Полнее счастья я бы не хотела,
И мне желать иного мудрено:
Ты сердцем завладел – и частью тела,
Где расположено оно.

Хотя на самом-то деле, если не считать нежности – ибо ладная служаночка вызывала у меня и это чувство, благо одно другого не отменяет; Анхелика же Алькесар пребывала где-то за морями-океанами, на краю света, – сердце мое принимало во всем этом не слишком деятельное участие. Дело-то все, впрочем, было в том, что за чувственными досугами нечувствительно минуло довольно много времени – целый час и еще три трети сверх того, – и, если уподобить наши игры карточным, скажу, что спустил последнюю медную мелочь. И когда, как водится, потянуло наконец не друг к другу, а в сон, Люциетта поднялась и ушла в свою каморку, объясняя, что донна Ливия будет недовольна не тем, как провела ее служанка ночь, а – где встретила утро. Мне показалось это разумным, и я безропотно отпустил ее, однако вслед за Люциеттой почему-то покинул меня и сон, и я долго ворочался с боку на бок на смятых простынях, еще хранивших тепло и запах моей пылкой отсутствующей. Меж тем было уже очень поздно. Чувствуя настоятельную надобность облегчиться, я пошарил под кроватью, однако ночной вазы не обнаружил, так что, вознеся сквозь зубы витиеватую хулу на закон и веру и всех святых, натянул сорочку, надел башмаки, накинул колет в рассуждении спастись от холода и вышел в коридор, чтобы оттуда направиться на двор, а там отыскать маленькое помещеньице, предназначенное для личных нужд, а потому и именуемое нужником. Путь мой пролегал вблизи от черного хода – маленькой двери, выводившей прямо на узкий канал. И – внезапно я увидел вблизи нечто совсем неожиданное.

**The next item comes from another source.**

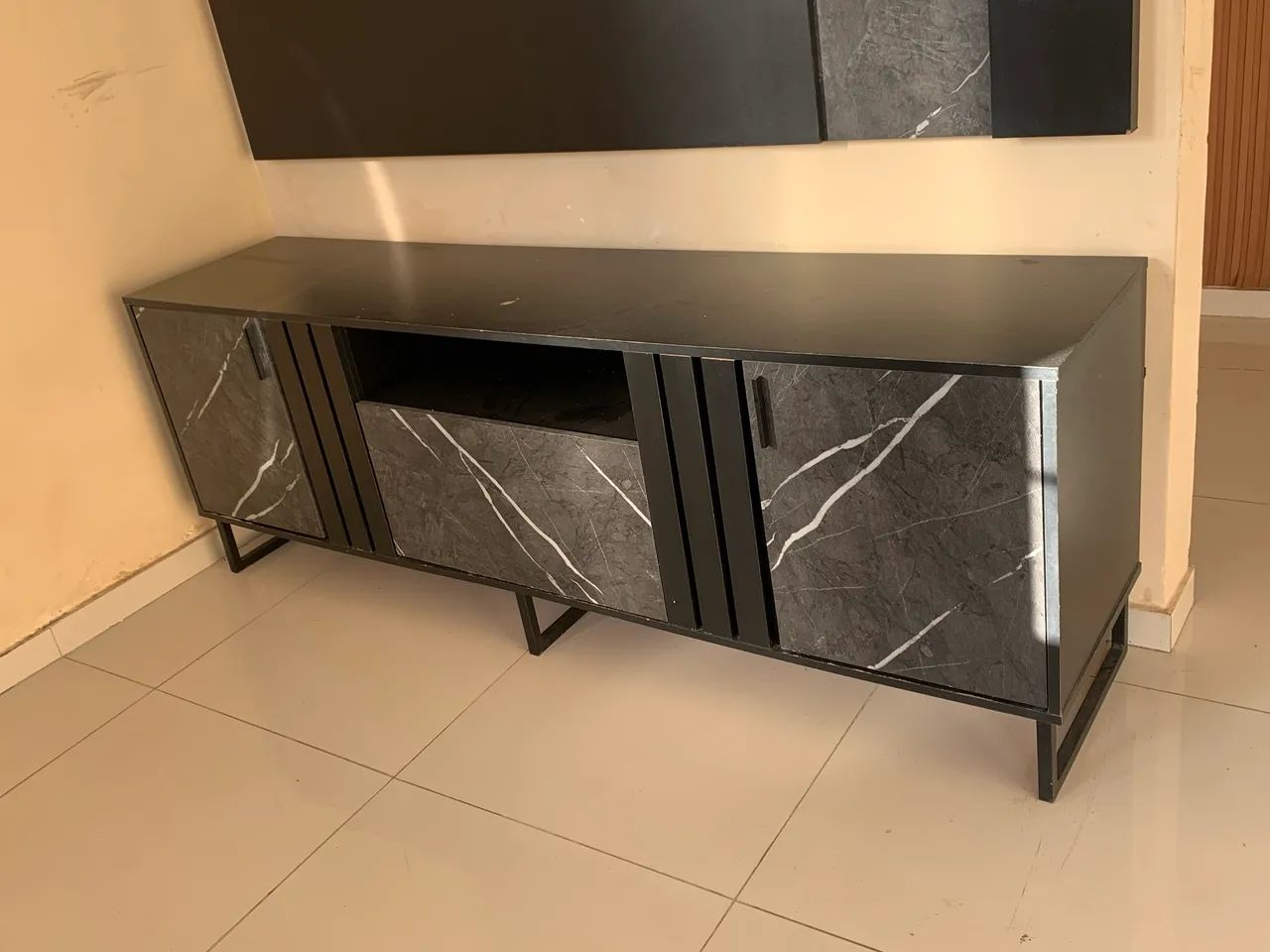 Rack para Tv 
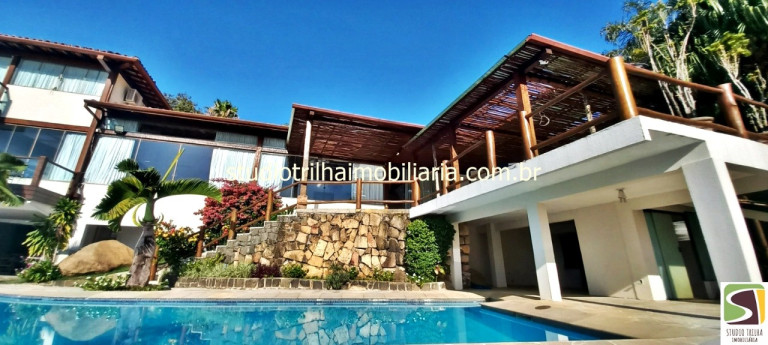 Imagem Casa com 13 Quartos à Venda, em Urubu - Ilhabela Imagem Casa com 13 Quartos à Venda, em Urubu - Ilhabela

Люциетта в шерстяной шали на плечах, со свечой в руке вела в дверях беседу с каким-то человеком. Мужчиной, я хочу сказать. Они о чем-то шептались и при моем появлении воззрились на меня: она – с испугом, он – злобно. Этот человек – еще молодой, сложения скорее коренастого, нежели хрупкого – был в расстегнутой куртке, во фризовой рубахе-альмилье, обычно поддеваемой под кольчугу, в широких мятых штанах, а на голове носил круглую шляпу с очень узкими полями, какую имеют обыкновение носить венецианские гондольеры. На боку, как водится у людей его звания, висел нож, и я устремил все внимание на сей предмет, поскольку его обладатель тотчас выхватил его и, если бы не мое проворство, пригвоздил бы меня к стене, как бабочку. Спас меня соскользнувший с плеч колет, в котором лезвие завязло. Люциетта сдавленно вскрикнула, нападавший хотел было предпринять вторую попытку, но я, вознамерившись того не допустить – все же драка была моим ремеслом, – прибег к старинному опробованному в притонах приему: руку с ножом перехватил и выкрутил, а сразу же вслед за тем – пнул противника ногой в пах, отчего негодяй взвыл и согнулся в три погибели. Потом, по собственному опыту зная, что подобные удары хоть и выводят противника из строя, но все же не сразу проявляются во всей полноте чувствительности, удвоил действие, врезав ему по морде, да с такой силой, что от боли в косточках пальцев у меня самого посыпались искры из глаз, а он пошатнулся. Весь мой расчет строился на том, чтобы не попасть под нож, а потому, рассчитав, что вот именно сейчас сказался мой пинок не скажу куда, я кинулся на противника и схватил его за вооруженную руку, не давая размахнуться.